Крестьяне Медынского уезда славились своей смекалкой и умением всякие дела делать. Давным-давно, когда еще промышленные предприятия по России были слабы и хилы, как всходы осени, выросшие на не удобренной почве и из неважных зерен, крестьяне были вынуждены обеспечивать себя всем тем, чем со временем стали их снабжать фабрики и заводы. Валенки, кожаные сапоги, армяки (в общем всякая одежда), сани, телеги и прочая хозяйственная утварь, столь необходимая в крестьянстве, делалась ими самими. Но вместе с тем каждая деревня в отдельности славилась чем-либо особенным. Так, мужики из Кременска были известны по всей округе как удалые, способные плотники, адуевские парни – были спецами по части поделки колес и саней, логачевцы задавали тон в выделке кож и пошиве сапог.
Шли годы. Но тяга к тому ремеслу, что передавалась из поколения в поколение в крестьянских семьях, в крестьянских общинах, оставалась надолго, как оставались своеобразные черты в характере особого мужицкого сословия.
Георгий Балакин, родившийся в деревне Логачево, в крестьянской семье в 1911 году, переживший падение царской империи и зарождение нового уклада, как и следовало ожидать, впитал в себя от своих родителей – людей прошлого – любовь к кропотливому физическому труду, а от нового времени – размах души и полет фантазии. Его и самостоятельная жизнь началась с того, что он в 1927 году начал трудиться на кожевенном заводе в Медыни (завод тогда располагался на территории нынешнего льнозавода), и тогда же, увлекаемый течением новой жизни, стал Георгий комсомольцем.

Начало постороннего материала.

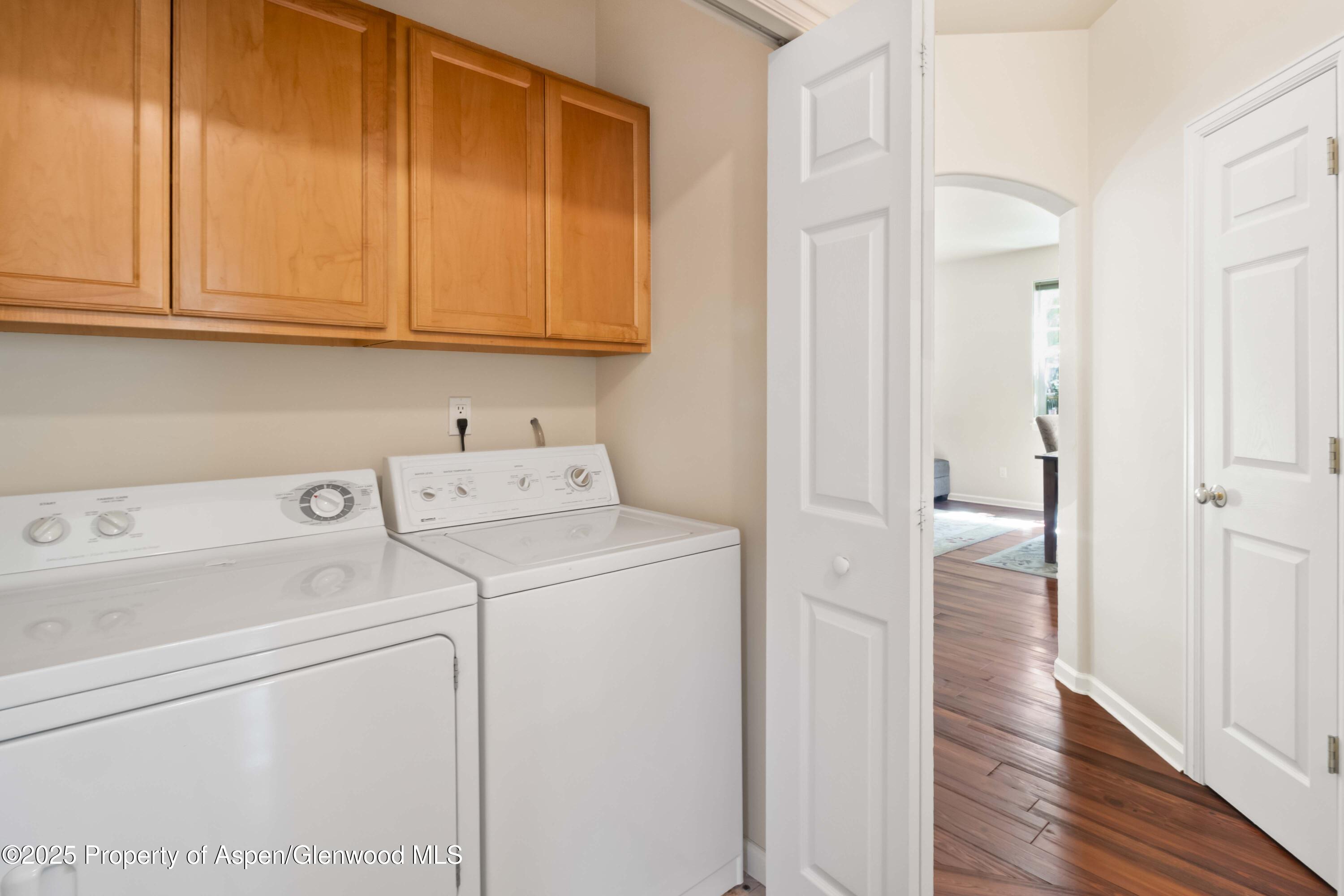 663 S Wildhorse Drive New Castle CO 81647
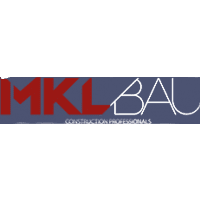 logo_mkl-removebg-preview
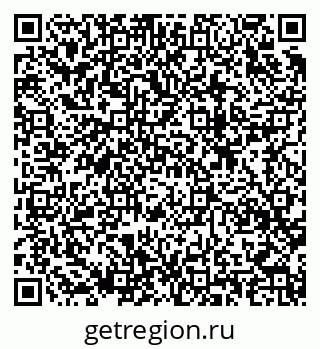 79633821976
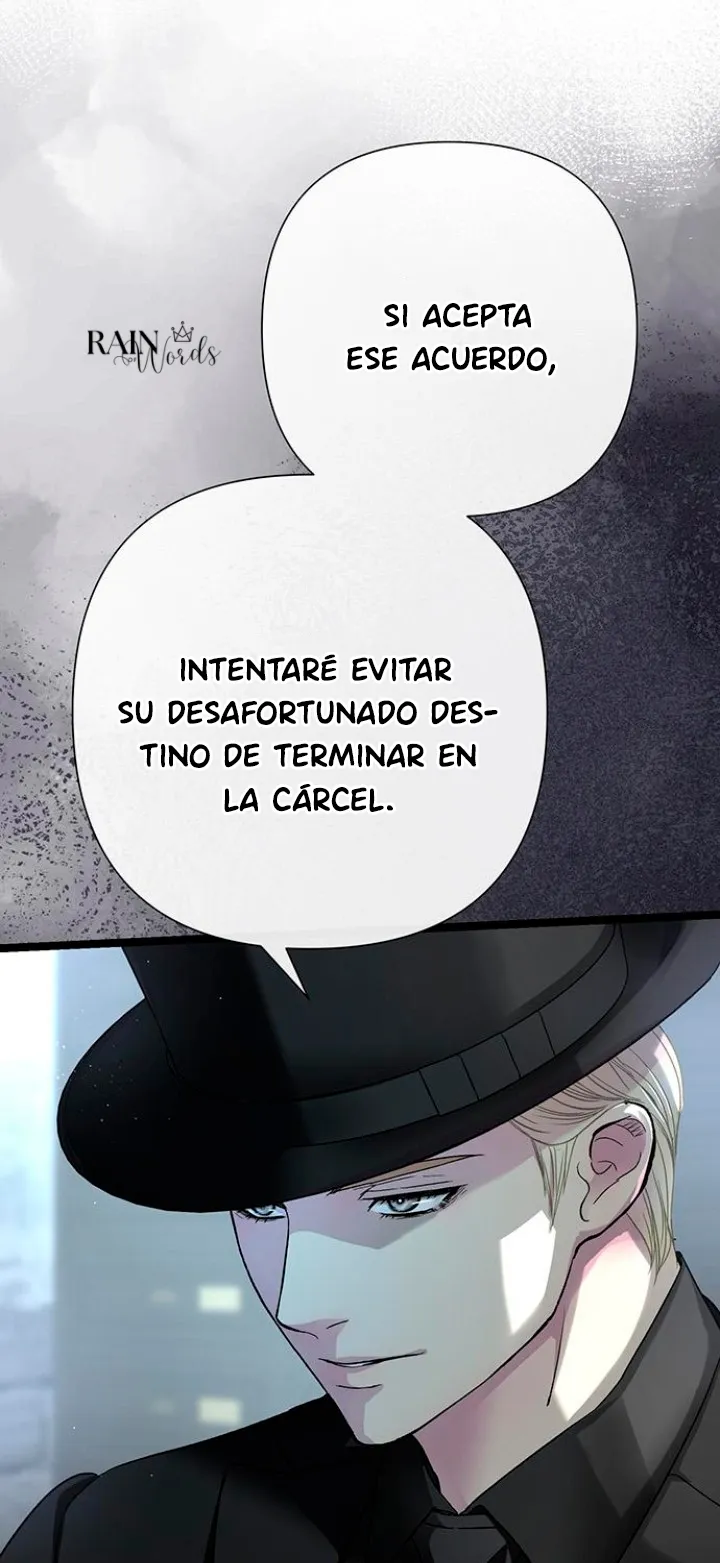 34 Príncipe problemático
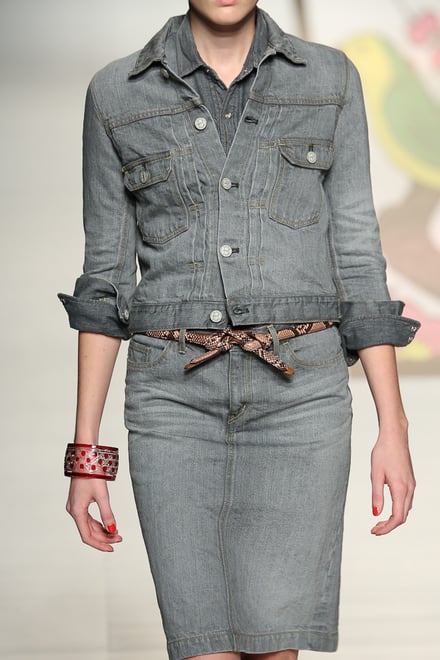 beautiful people 2013SS 東京コレクション 画像143/212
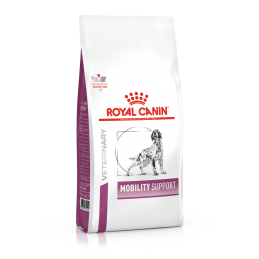 ROYAL CANIN VD MOBILITY...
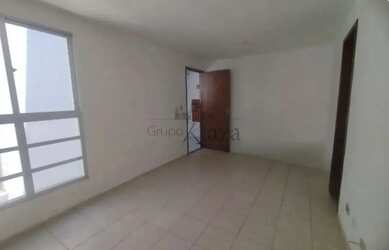 Imagem: Apartamento - Floradas de São José - Residencial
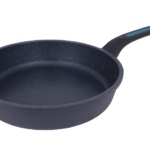 ARCOS Thera Patelnia z ciśnieniowo odlewanego aluminium 718500 - 28cm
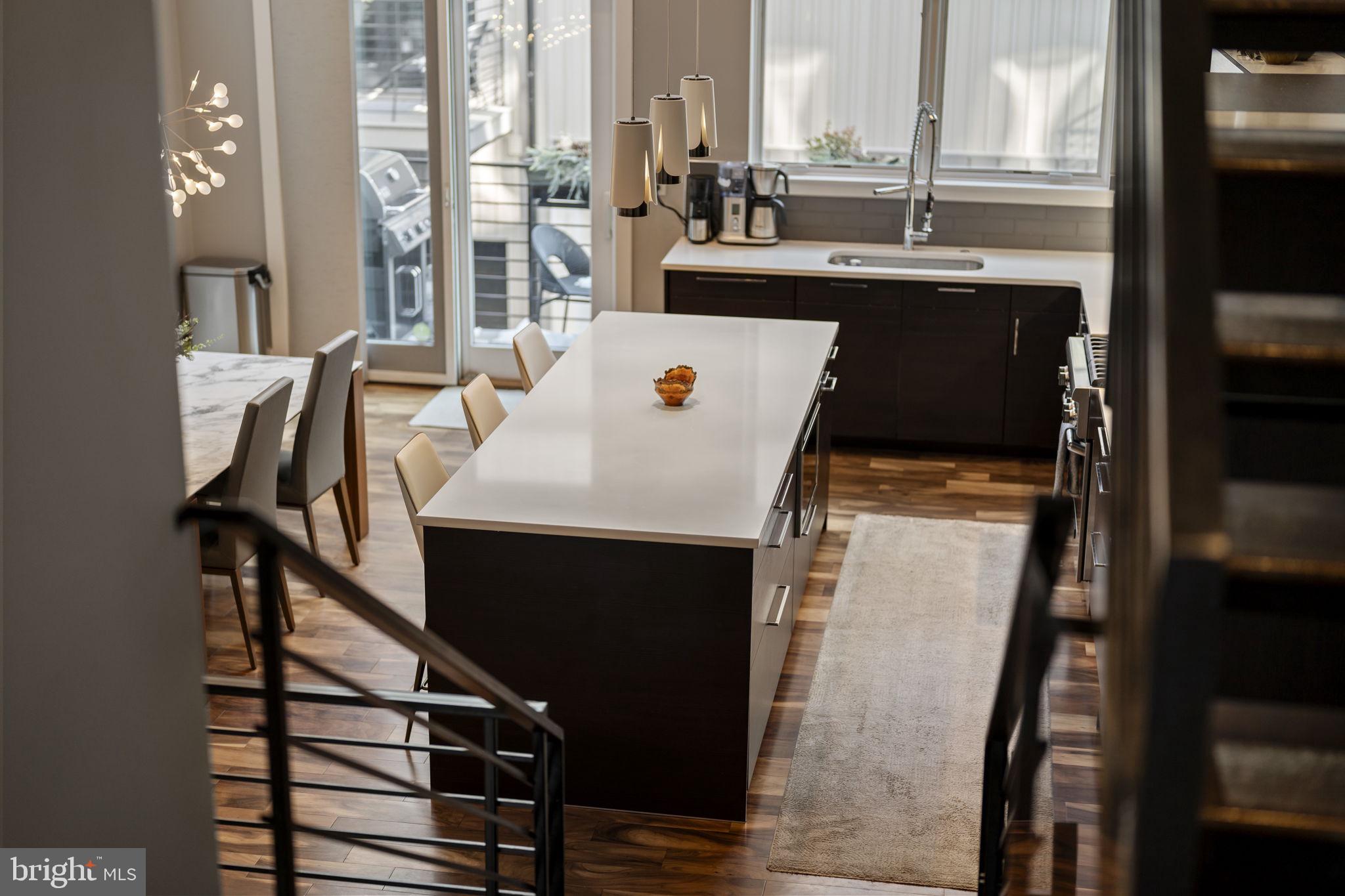 NORTHERN LIBERTIES - Residential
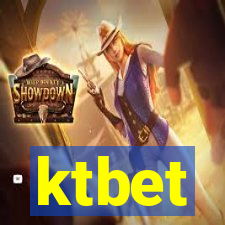 ktbet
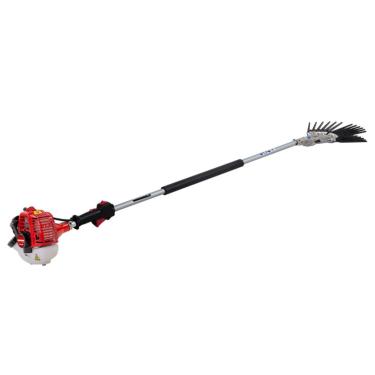 Imagem de Derriçadeira Kwd2610-Dupla2 Mão Dupla 26CC Tubo 110cm 7x7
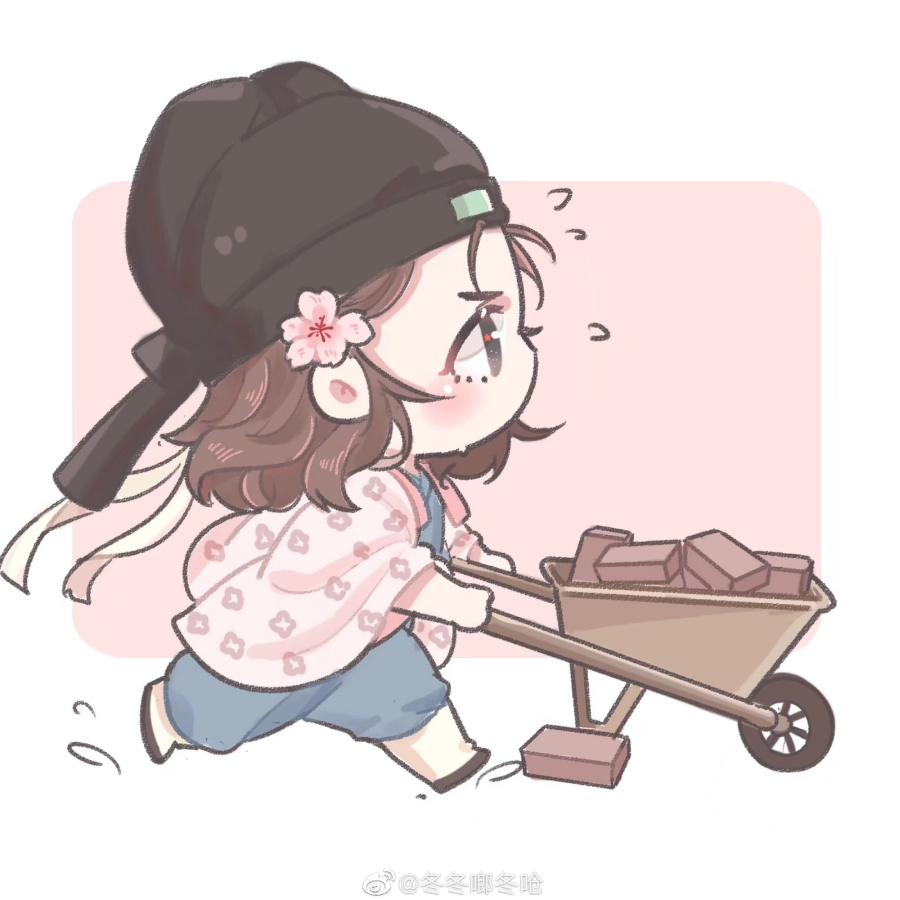 宋辞是宋辞不是宋词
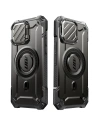 Kup Supcase Unicorn Beetle XT Mag MagSafe Apple iPhone 13 / 14 Černá - SPC403 - {ean13} - Sklep Home Screen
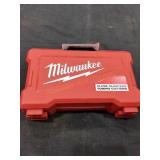 Milwaukee Close Quarters Tubing Cutters Milwaukee Close Quarters Tubing Cutters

Быть комсомольцем было не просто. Само по себе званье комсомольца никакой материальной выгоды не приносило, но времени забирало свободного уйму. А если учесть, что отец и направил сына в город лишь с той целью, как бы деньжонок иметь побольше, то и совсем становится понятно, каково было 16-летнему мальчишке оправдывать свой поступок перед отцом. Доводов идеологического порядка отец и слышать не хотел, а часто в ответ на них шел в сени, брал кнут и применял его с таким остервенением по отношению к «непутному» сыну, как и к тощей своей лошаденке, когда та выбивалась из сил на полосе или дороге. Уйти из дома Григорий не мог: почтение к отцу и матери (такое сильное у людей его поколения) не позволяло это ему сделать.